# [Your goal]
Exactly reproduce the line containing "How do I know" and all later lines to the end of the entries, leaving the pictures out of your copy.

# [Records from a data collection]
────────

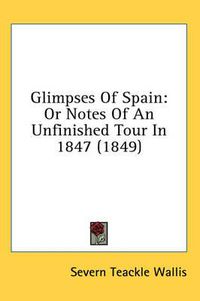 Cover image for Glimpses of Spain: Or Notes of an Unfinished Tour in 1847 (1849)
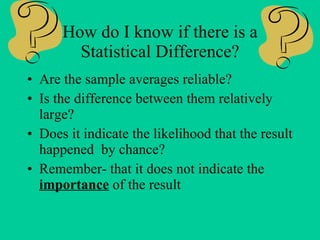 How do I know if there is a Statistical Difference? Are the sample averages reliable? Is the difference between them relatively large? Does it indicate the likelihood that the result happened by chance? Remember- that it does not indicate the importance of the result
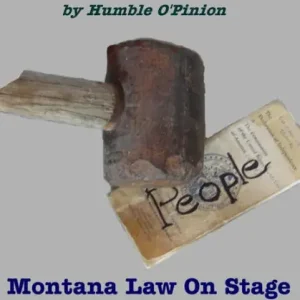 The Big Show: Montana Law on Stage Free Delivery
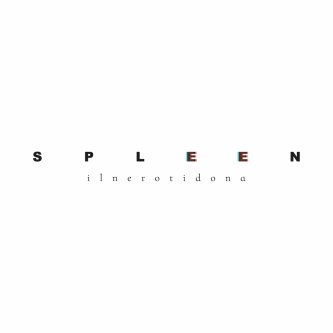Copertina dell'album Spleen, di Il Nero Ti Dona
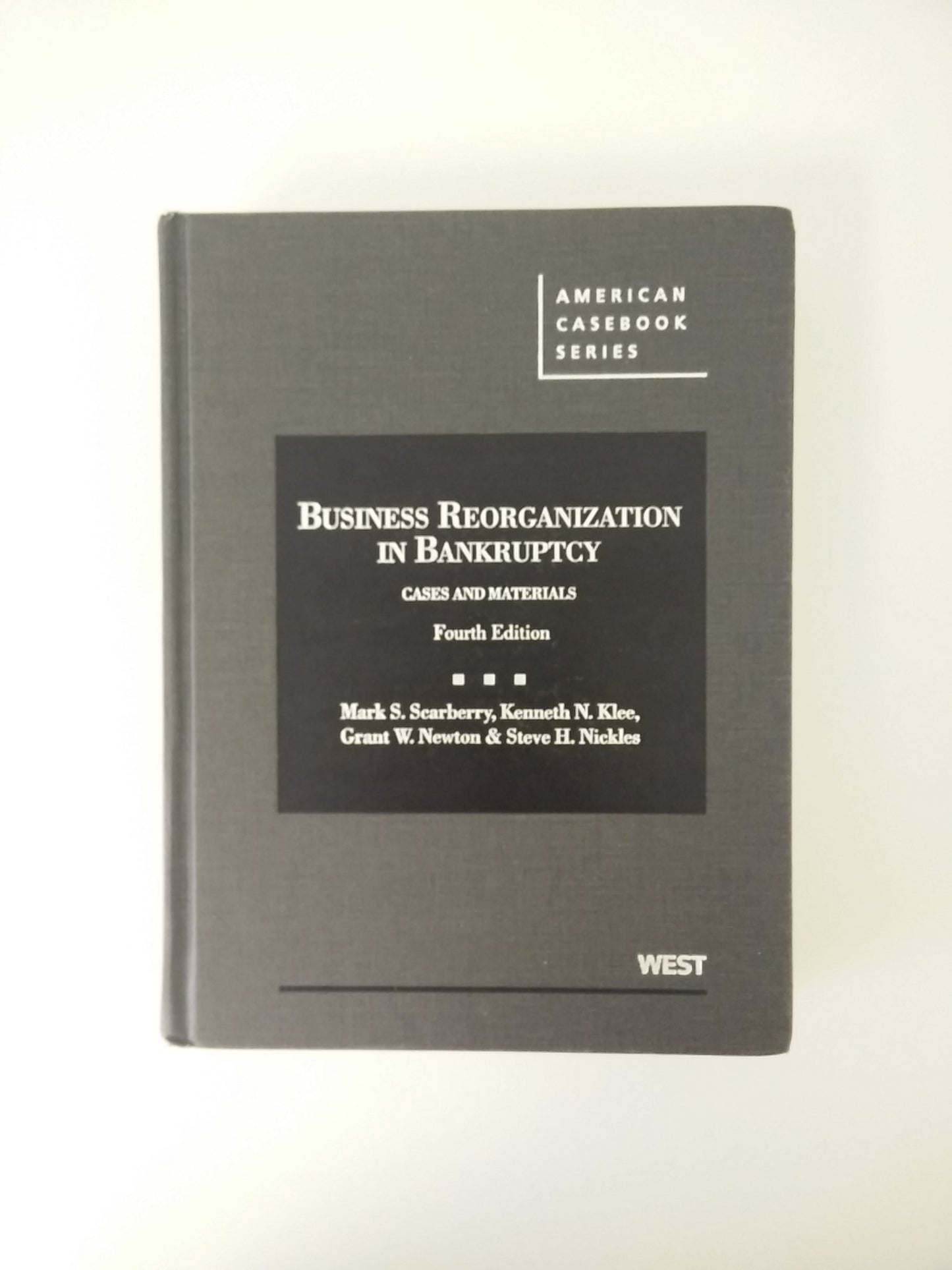 Business Reorganization in Bankruptcy: Cases and Materials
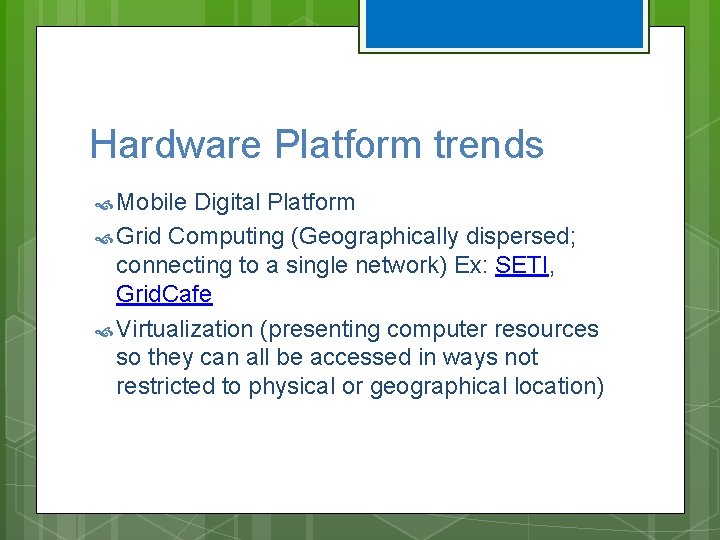 Hardware Platform trends Mobile Digital Platform Grid Computing (Geographically dispersed; connecting to a single Hardware Platform trends Mobile Digital Platform Grid Computing (Geographically dispersed; connecting to a single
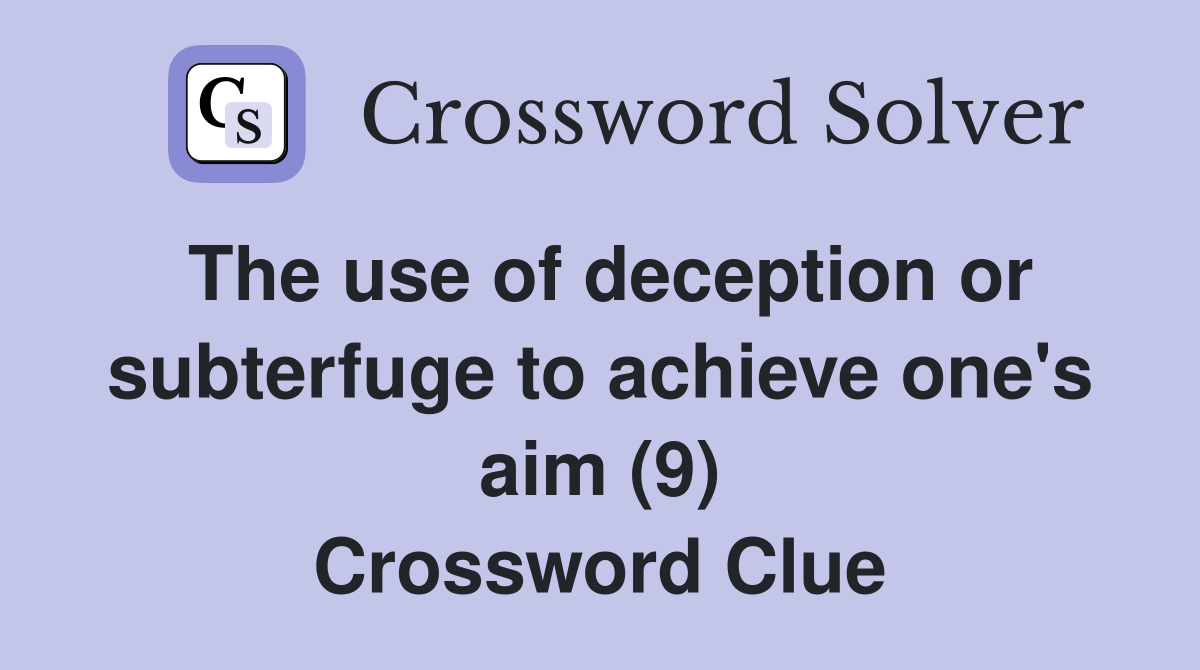 The use of deception or subterfuge to achieve one's aim (9) Crossword Clue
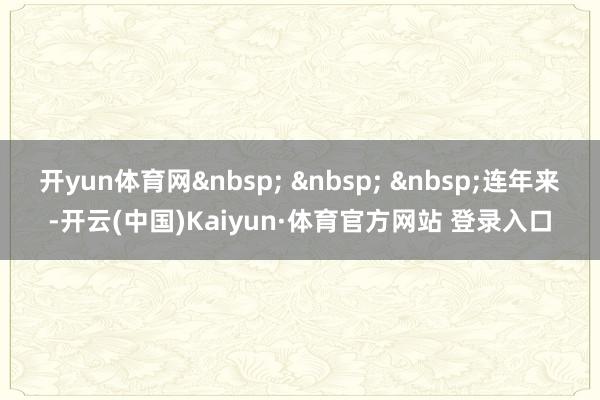 开yun体育网&nbsp; &nbsp; &nbsp;连年来-开云(中国)Kaiyun·体育官方网站 登录入口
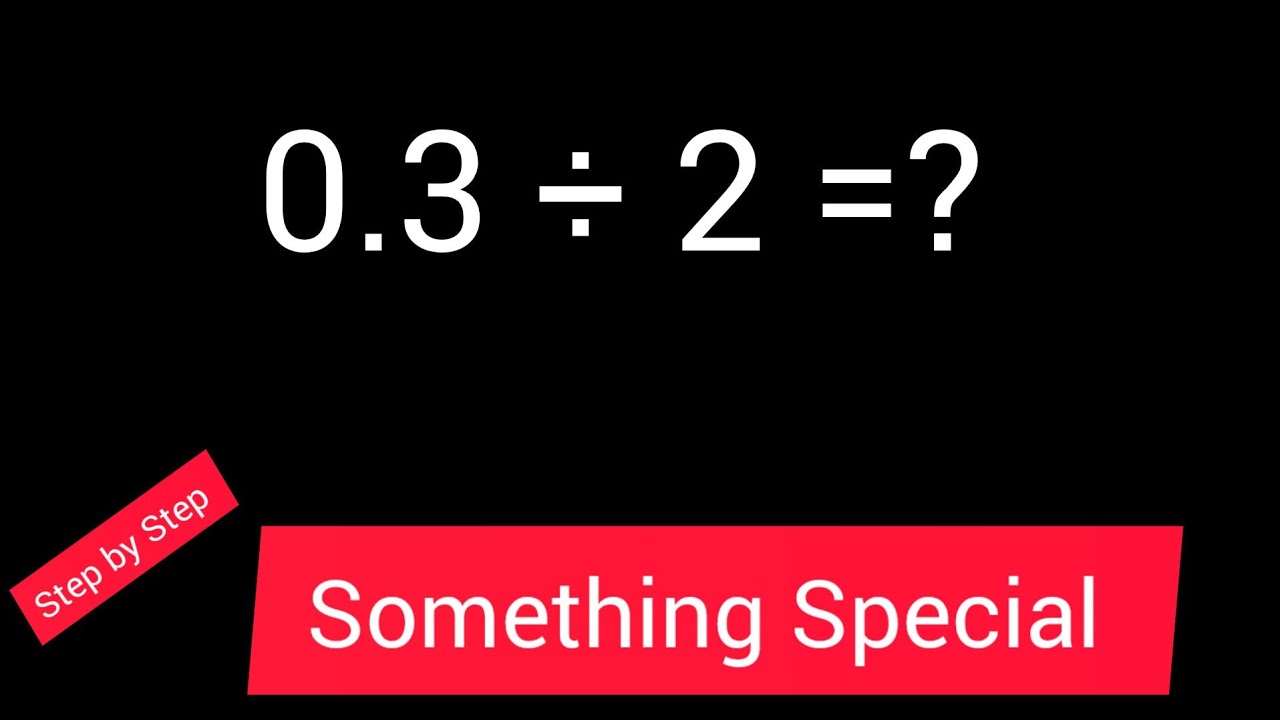 0.3 Divided by 2 ||0.3 &divide;2 ||How do you divide 0.3 by 2 step by step?||Long Division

────────

# [Output of the task]
 How do I know if there is a Statistical Difference? Are the sample averages reliable? Is the difference between them relatively large? Does it indicate the likelihood that the result happened by chance? Remember- that it does not indicate the importance of the result
 The Big Show: Montana Law on Stage Free Delivery
Copertina dell'album Spleen, di Il Nero Ti Dona
 Business Reorganization in Bankruptcy: Cases and Materials
 Hardware Platform trends Mobile Digital Platform Grid Computing (Geographically dispersed; connecting to a single Hardware Platform trends Mobile Digital Platform Grid Computing (Geographically dispersed; connecting to a single
 The use of deception or subterfuge to achieve one's aim (9) Crossword Clue
 开yun体育网&nbsp; &nbsp; &nbsp;连年来-开云(中国)Kaiyun·体育官方网站 登录入口
 0.3 Divided by 2 ||0.3 &divide;2 ||How do you divide 0.3 by 2 step by step?||Long Division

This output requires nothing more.